» MATERIALS PROVIDED:
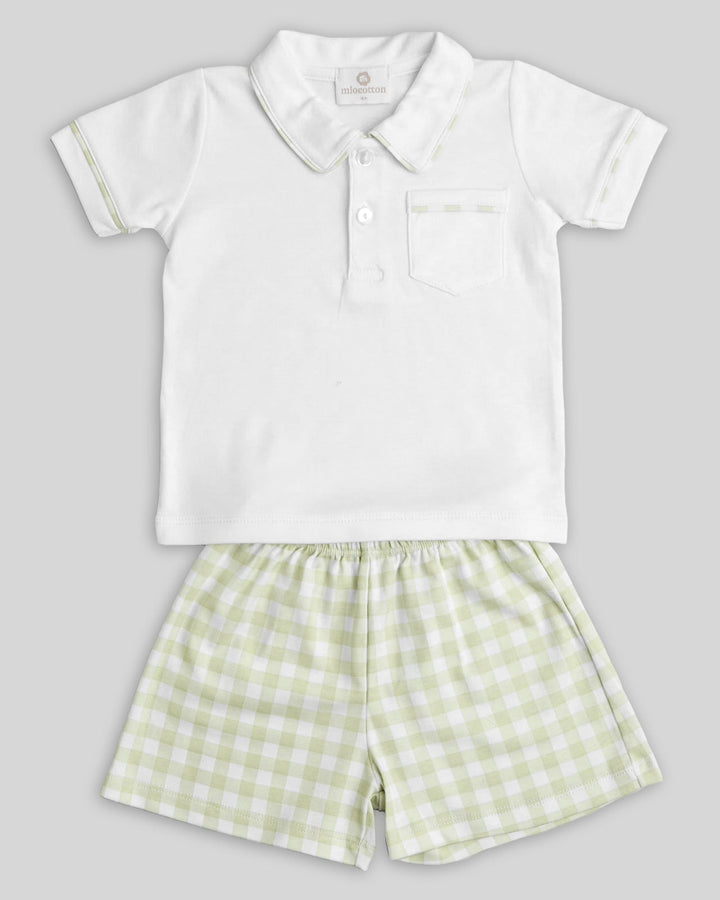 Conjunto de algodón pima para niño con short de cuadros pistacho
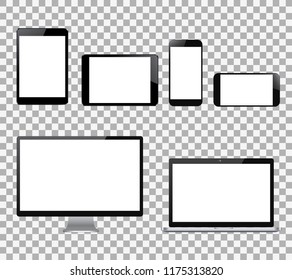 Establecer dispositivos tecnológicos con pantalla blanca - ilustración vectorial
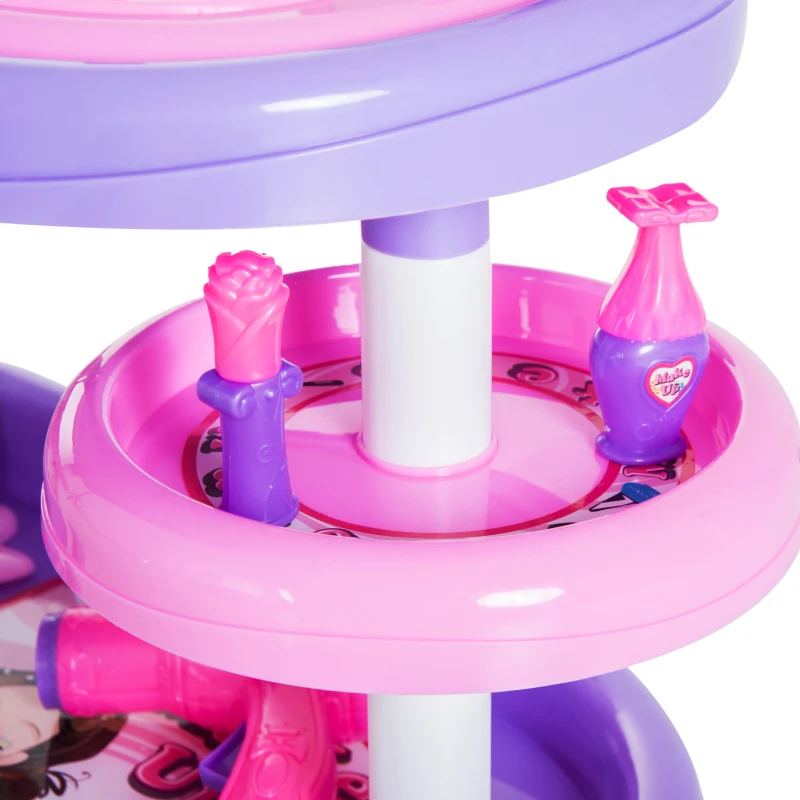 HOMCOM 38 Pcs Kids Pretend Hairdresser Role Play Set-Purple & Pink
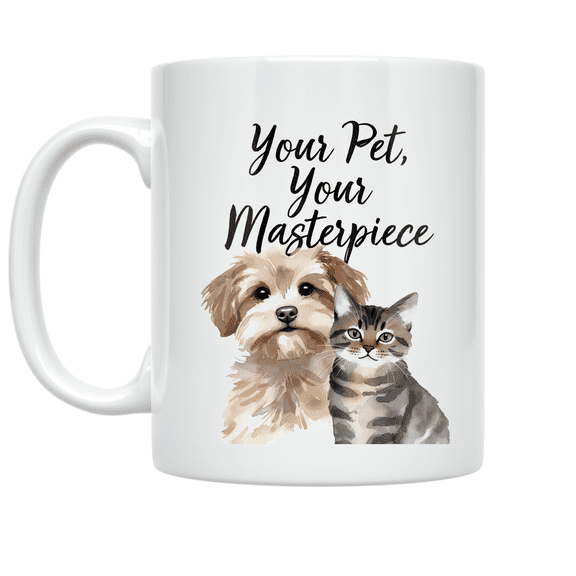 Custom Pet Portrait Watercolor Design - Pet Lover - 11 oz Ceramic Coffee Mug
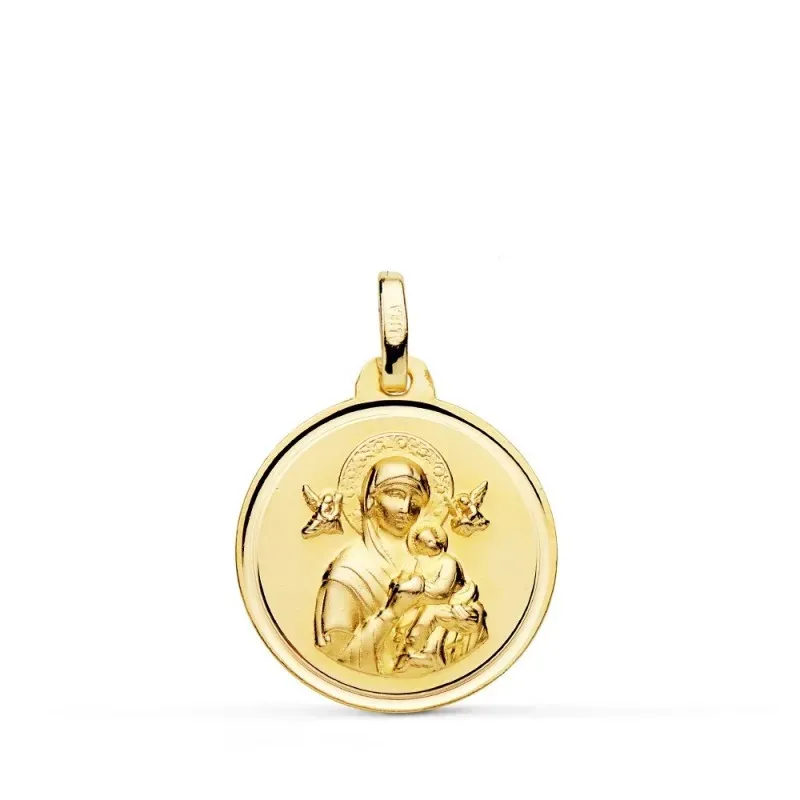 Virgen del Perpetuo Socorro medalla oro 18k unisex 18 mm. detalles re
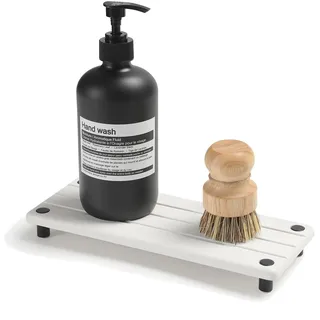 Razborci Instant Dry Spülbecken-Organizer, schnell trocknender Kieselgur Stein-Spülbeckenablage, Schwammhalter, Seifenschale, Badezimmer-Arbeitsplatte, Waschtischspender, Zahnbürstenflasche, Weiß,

» AIM OF THE TASK: The required output is every line from the one containing "Virgen del Perpetuo" through the last line of the records, inclusive, reproduced exactly and without pictures.

» YOUR SOLUTION:
 Virgen del Perpetuo Socorro medalla oro 18k unisex 18 mm. detalles re
 Razborci Instant Dry Spülbecken-Organizer, schnell trocknender Kieselgur Stein-Spülbeckenablage, Schwammhalter, Seifenschale, Badezimmer-Arbeitsplatte, Waschtischspender, Zahnbürstenflasche, Weiß,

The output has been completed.